Data supplied
►

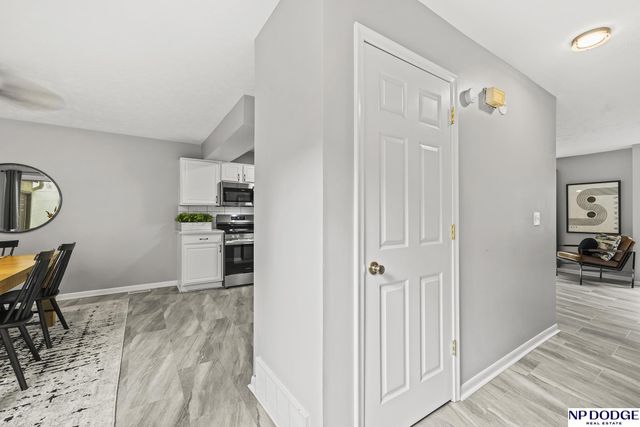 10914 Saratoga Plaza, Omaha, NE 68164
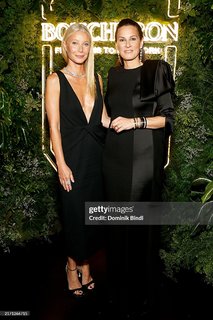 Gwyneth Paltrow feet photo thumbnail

◄
►

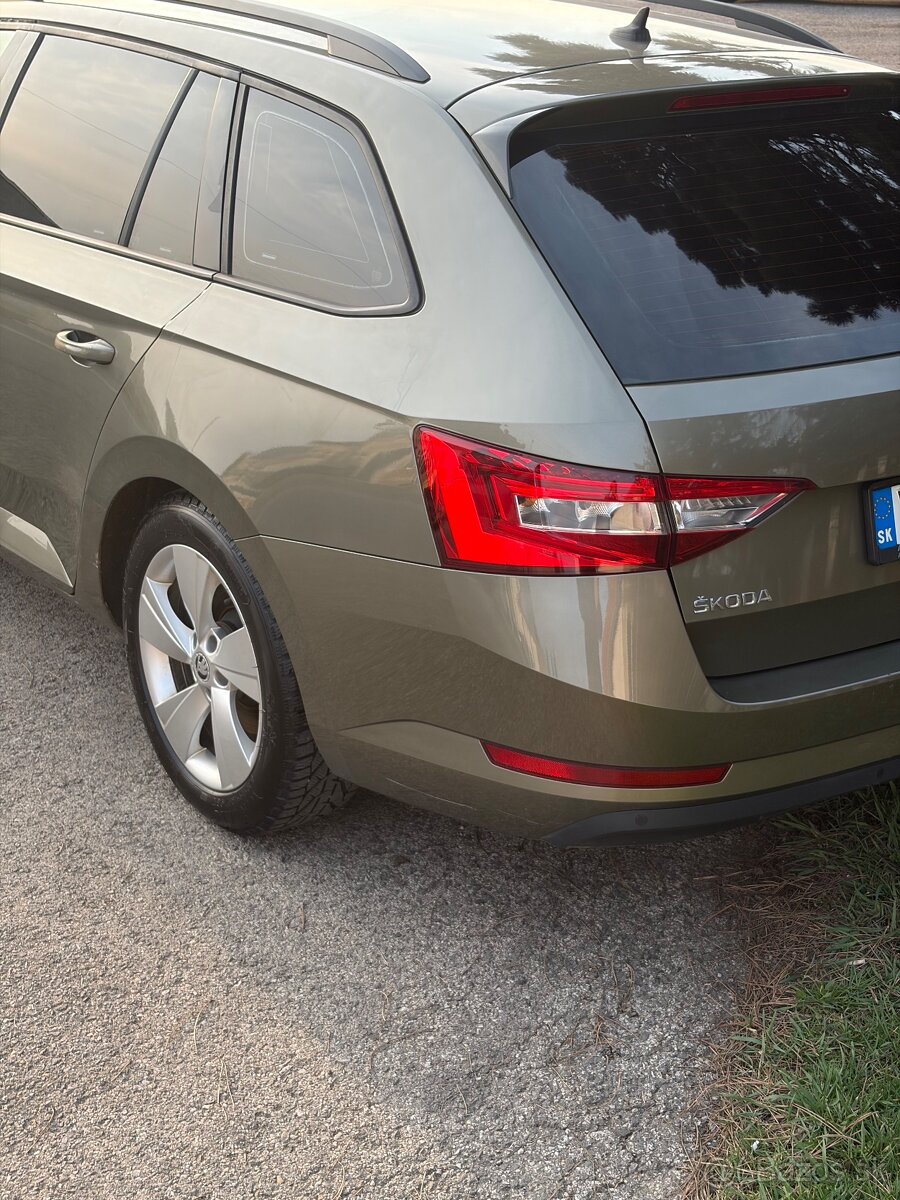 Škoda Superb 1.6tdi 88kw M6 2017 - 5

◄

Task to complete
From the data above, return only the lines starting at the line that holds "10914 Saratoga Plaza, Omaha, NE 68164" and ending at the line that holds "Gwyneth Paltrow feet photo thumbnail", word for word and without pictures.

Solution to the exercise
 10914 Saratoga Plaza, Omaha, NE 68164
 Gwyneth Paltrow feet photo thumbnail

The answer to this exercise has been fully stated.